**WORK REQUEST**.
The listing that follows must be retyped exactly, without its pictures.

**DATA PROVIDED**.
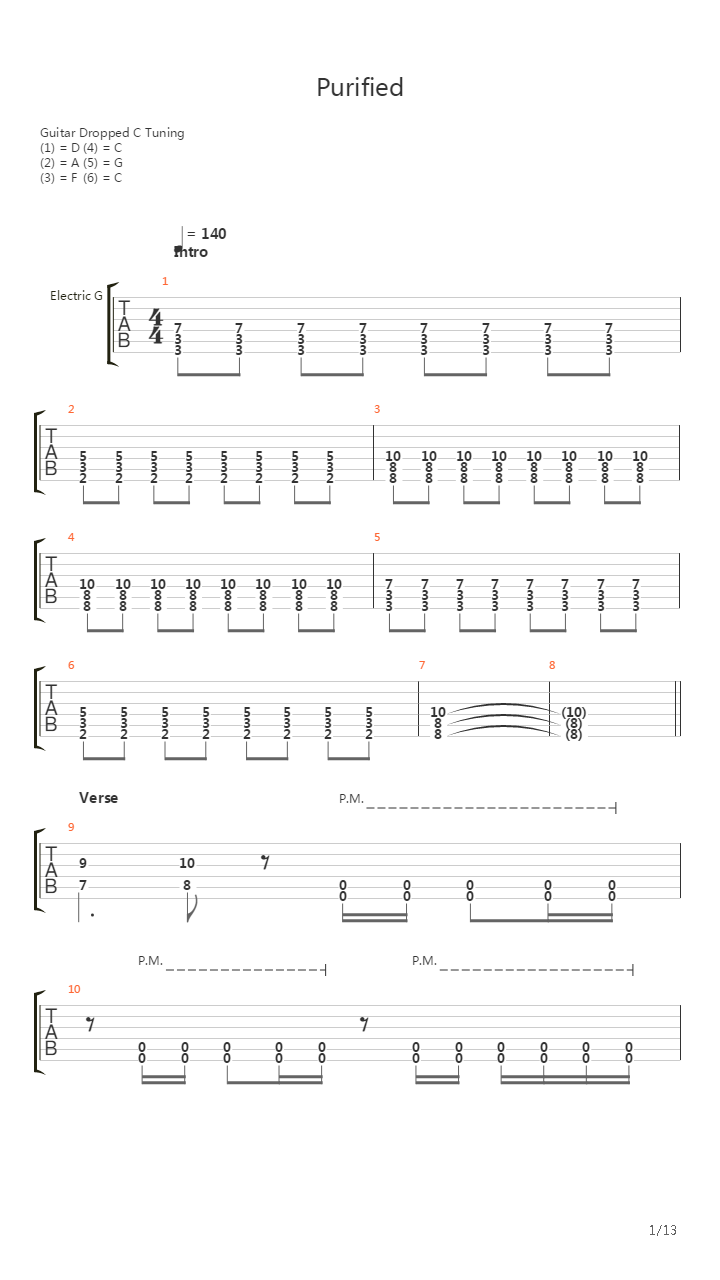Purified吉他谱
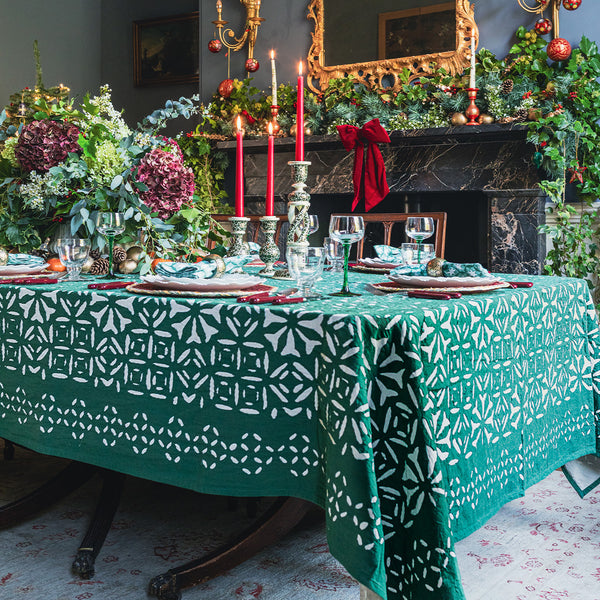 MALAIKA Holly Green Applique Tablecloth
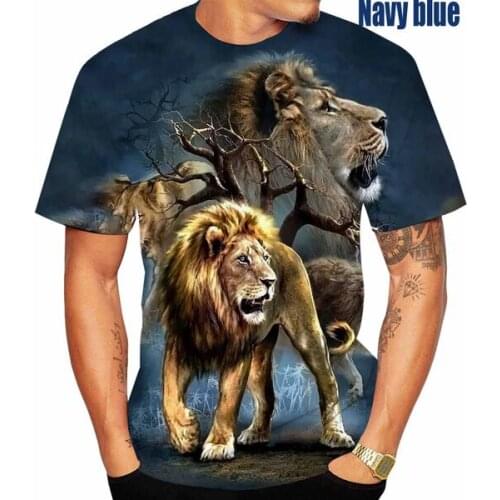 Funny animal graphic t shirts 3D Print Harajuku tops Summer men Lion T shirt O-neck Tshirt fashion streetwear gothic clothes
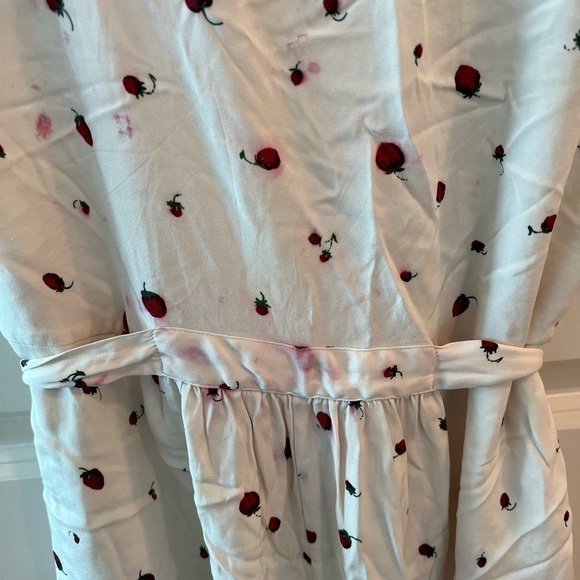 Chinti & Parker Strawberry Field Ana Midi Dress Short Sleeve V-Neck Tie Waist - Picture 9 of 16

**ANSWER FOR THIS EXERCISE**.
Purified吉他谱
 MALAIKA Holly Green Applique Tablecloth
 Funny animal graphic t shirts 3D Print Harajuku tops Summer men Lion T shirt O-neck Tshirt fashion streetwear gothic clothes
 Chinti & Parker Strawberry Field Ana Midi Dress Short Sleeve V-Neck Tie Waist - Picture 9 of 16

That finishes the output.